I’m
what you call your basic tortoise. I walk slowly. I overthink
everything. I eat so methodically that restaurateurs who value
table-turnover pay me to stay away. And if you think I’m
slow, you should see my father or have met my late paternal
grandfather. Time is measured by sundial with those two guys.
Yet I
did marry one swift-moving hare of a woman. Wendy talks fast,
drives fast, eats fast. It used to make me crazy since I had
to ask her to repeat almost everything she said and would
sit in the passenger car seat clinging to the door handle,
wondering if I’d left proper instructions for my funeral.
For all
my troubles in keeping up with this lickety-split lady, her
energy level is a big reason she’s a super mom. In a
given day, she can do morning drop off, teach college classes,
head up a meeting to improve the parking lots of her campus,
email and phone a gaggle of friends, and get dinner ready
at day’s end. On the weekends and in-between teaching,
she takes the kids to extra-curricular activities, reads to
them constantly, leads weekend family hikes, and slips in
a date night with me.
I live
with this woman but can’t figure out how she does it.
There’s no Ritalin or other foreign stimulants to sustain
her relentless multitasking. Just God-given fuel that keeps
her on “mom overdrive.”
Of course,
sometimes, she breaks down. She can be short-tempered with
the kids and I. She neglects my need to talk to her about
career stuff or emotions (yes, I’m frequently the “girl”
in the relationship). She leaves a mess of unopened mail and
clothes wherever she goes. And, once in a while, she falls
on the bed to cry that she’s a disaster as a mother,
wife, friend, etc. She may be fast, but she’s not a
machine.
Still,
working with this very human ball of fire has its rewards.
While getting the soap out of little Ari’s hair as I
sing a Raffi song is one of my day’s bigger achievements,
my slowpoke style meshes with Wendy’s light-speed sprint.
I’m the one who assures our meals are well balanced
in the wake of my wife’s “just get ‘em fed”

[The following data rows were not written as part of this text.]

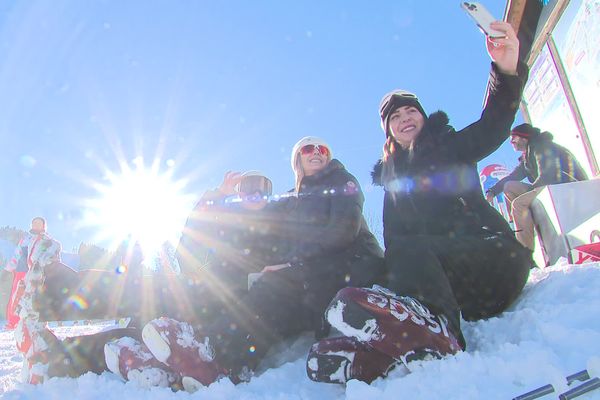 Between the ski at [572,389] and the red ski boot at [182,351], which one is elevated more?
the red ski boot at [182,351]

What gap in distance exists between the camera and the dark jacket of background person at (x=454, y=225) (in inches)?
56.2

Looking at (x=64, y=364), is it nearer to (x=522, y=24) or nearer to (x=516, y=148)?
(x=516, y=148)

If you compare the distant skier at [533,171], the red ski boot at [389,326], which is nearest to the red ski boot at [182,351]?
the red ski boot at [389,326]

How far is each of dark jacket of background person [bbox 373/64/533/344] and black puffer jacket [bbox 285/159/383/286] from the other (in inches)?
6.2

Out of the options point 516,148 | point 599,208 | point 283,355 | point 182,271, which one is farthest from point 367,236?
point 516,148

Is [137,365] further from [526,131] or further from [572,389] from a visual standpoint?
[526,131]

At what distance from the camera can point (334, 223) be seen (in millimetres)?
2191

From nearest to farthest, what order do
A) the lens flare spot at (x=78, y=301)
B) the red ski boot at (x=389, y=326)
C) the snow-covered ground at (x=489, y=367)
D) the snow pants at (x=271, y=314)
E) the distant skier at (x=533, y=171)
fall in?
the snow-covered ground at (x=489, y=367), the red ski boot at (x=389, y=326), the snow pants at (x=271, y=314), the lens flare spot at (x=78, y=301), the distant skier at (x=533, y=171)

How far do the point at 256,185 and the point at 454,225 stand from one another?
5.13 feet

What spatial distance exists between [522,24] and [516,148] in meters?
3.47

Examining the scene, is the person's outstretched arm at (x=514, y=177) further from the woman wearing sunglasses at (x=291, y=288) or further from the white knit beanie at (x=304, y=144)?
the woman wearing sunglasses at (x=291, y=288)

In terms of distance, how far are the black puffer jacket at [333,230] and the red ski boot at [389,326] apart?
76 centimetres

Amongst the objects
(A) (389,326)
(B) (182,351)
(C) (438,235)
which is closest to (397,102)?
(C) (438,235)

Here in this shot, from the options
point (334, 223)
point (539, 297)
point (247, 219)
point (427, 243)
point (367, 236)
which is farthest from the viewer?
point (247, 219) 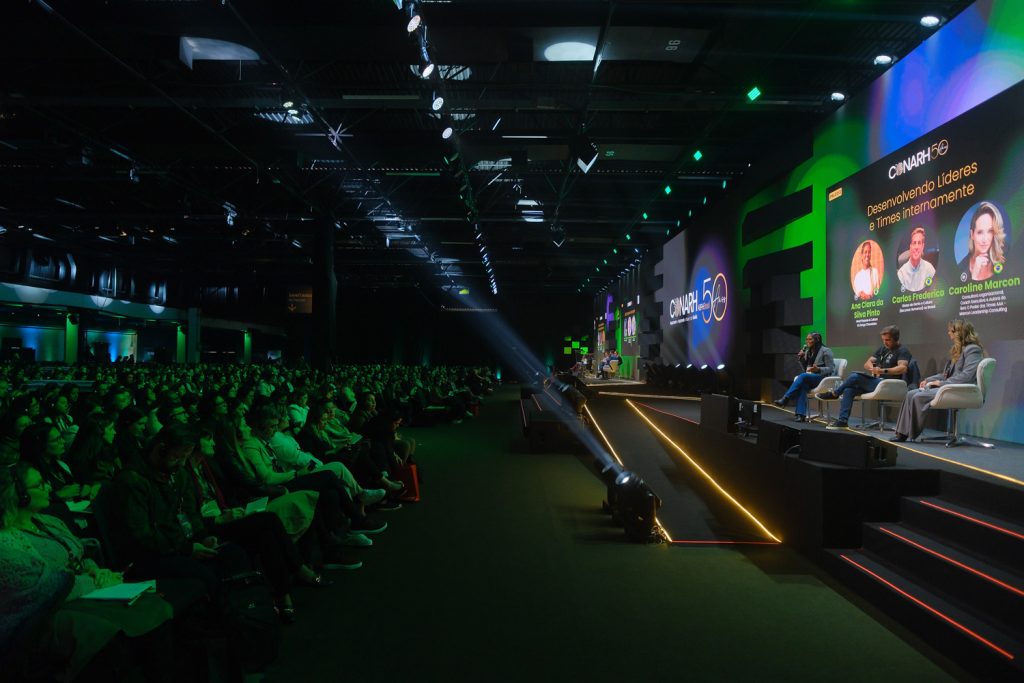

efforts. I show my second-grader how to proofread his homework
after Wendy has prodded Benjamin to finish up. I spend hours
burning CDs, filled with the kids’ favorite songs, to
accompany us on road trips, following my partner’s whirlwind
packing to get us in the minivan.
After
15 years together, a little of Wendy has rubbed off on me,
too. Before meeting her, I broke out in hives with the anxiety
of trying to run a lunchtime errand in the middle of my workday.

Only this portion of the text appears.